Would you please copy only the lines from the line that contains "Bernedoodle Puppies from Doggy Darlins" to the end of the data below, exactly, leaving every picture out?

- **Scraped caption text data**
++++++++++++++++++++
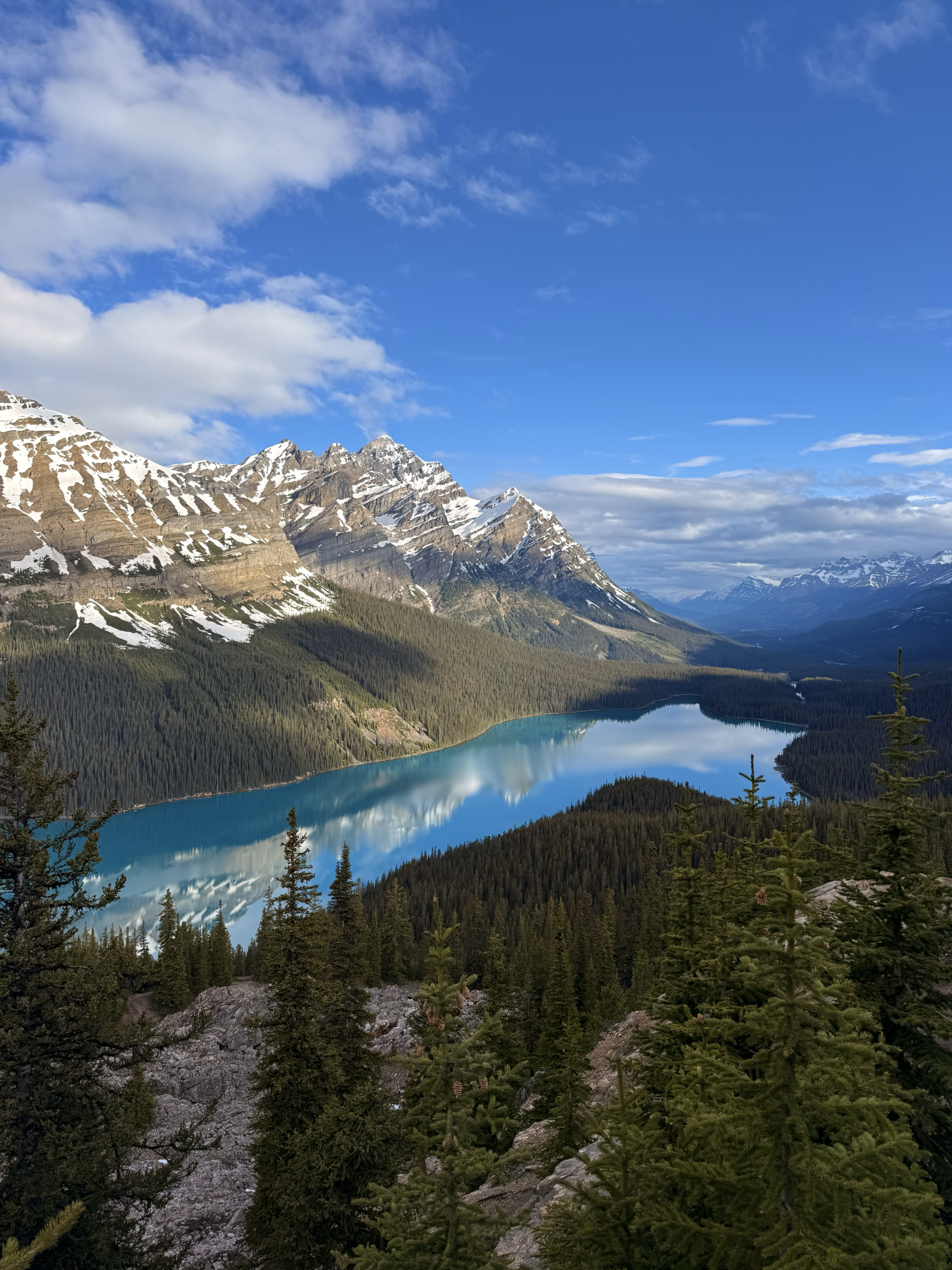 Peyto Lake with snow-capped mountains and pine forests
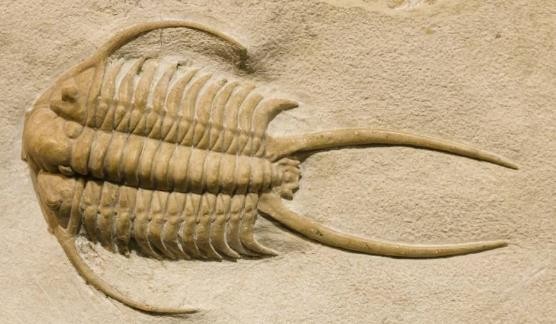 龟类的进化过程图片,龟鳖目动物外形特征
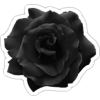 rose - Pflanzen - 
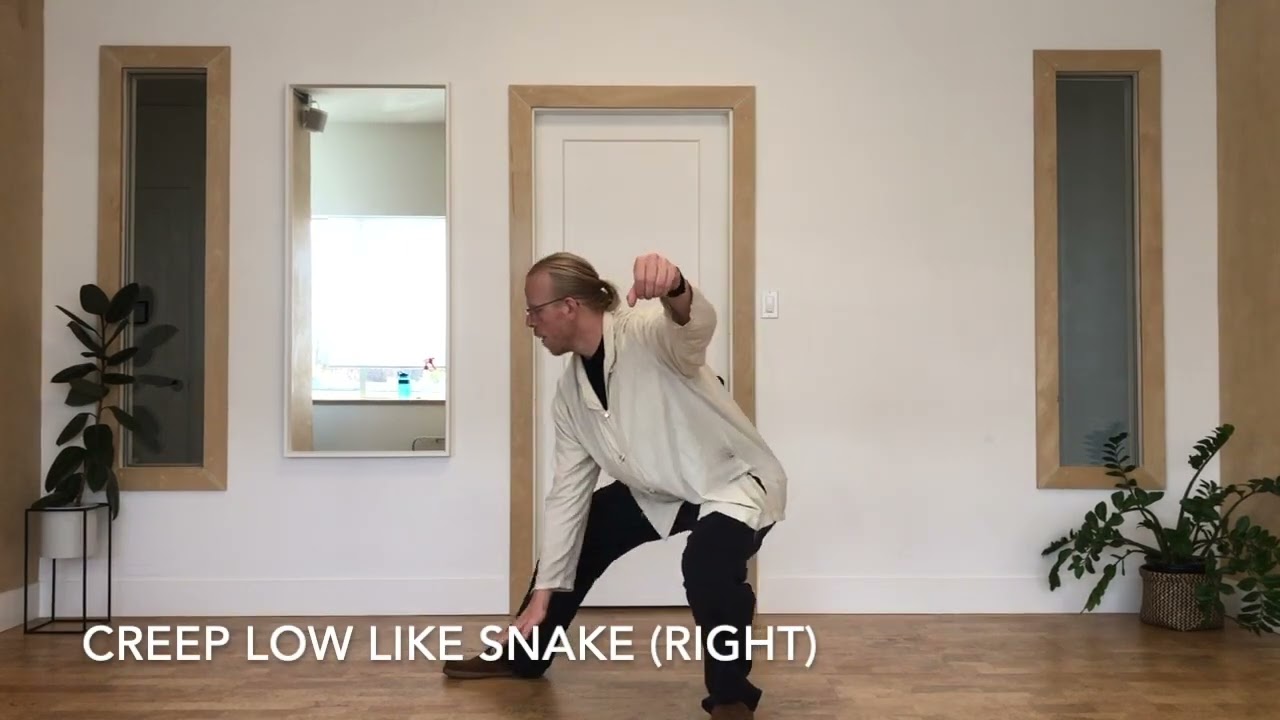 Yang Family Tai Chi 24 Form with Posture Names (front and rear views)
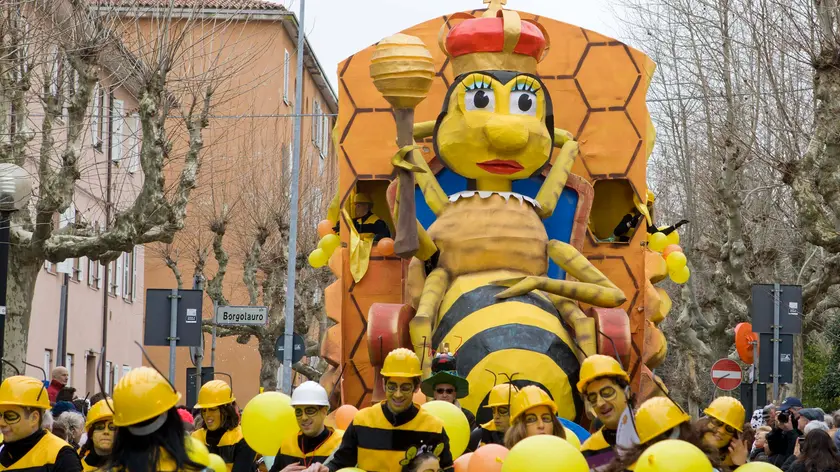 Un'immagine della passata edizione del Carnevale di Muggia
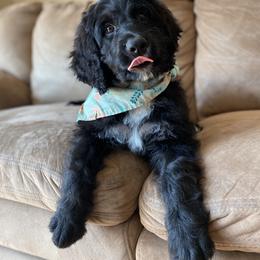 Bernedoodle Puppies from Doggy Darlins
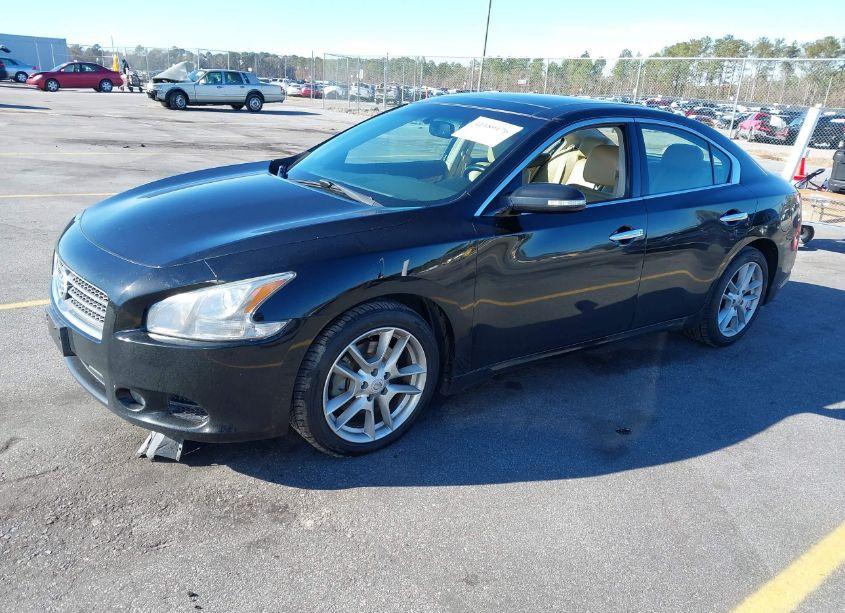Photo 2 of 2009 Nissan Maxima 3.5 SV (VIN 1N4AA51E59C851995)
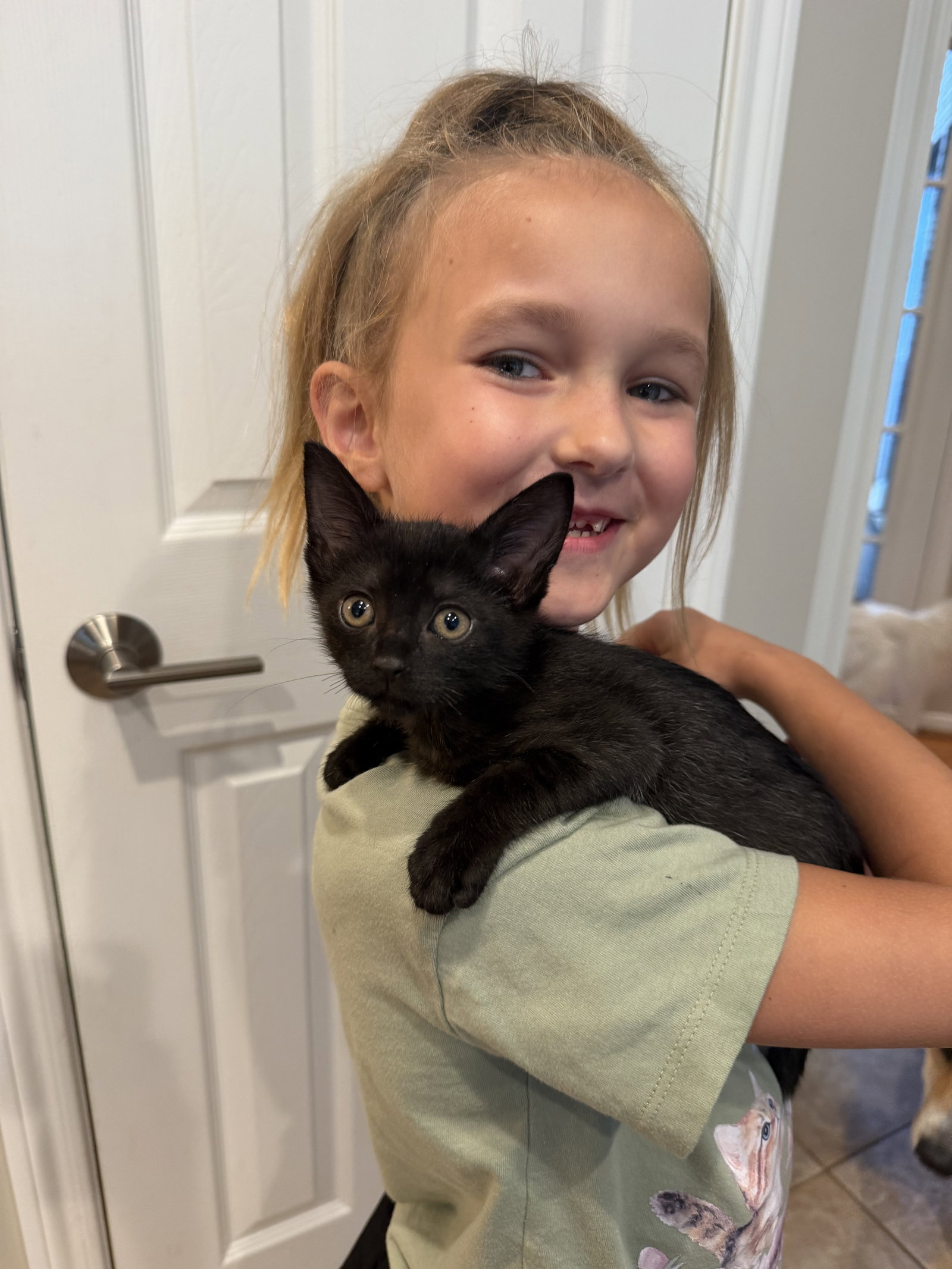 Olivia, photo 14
++++++++++++++++++++
- **SOLUTION TO THE EXERCISE**
 Bernedoodle Puppies from Doggy Darlins
Photo 2 of 2009 Nissan Maxima 3.5 SV (VIN 1N4AA51E59C851995)
 Olivia, photo 14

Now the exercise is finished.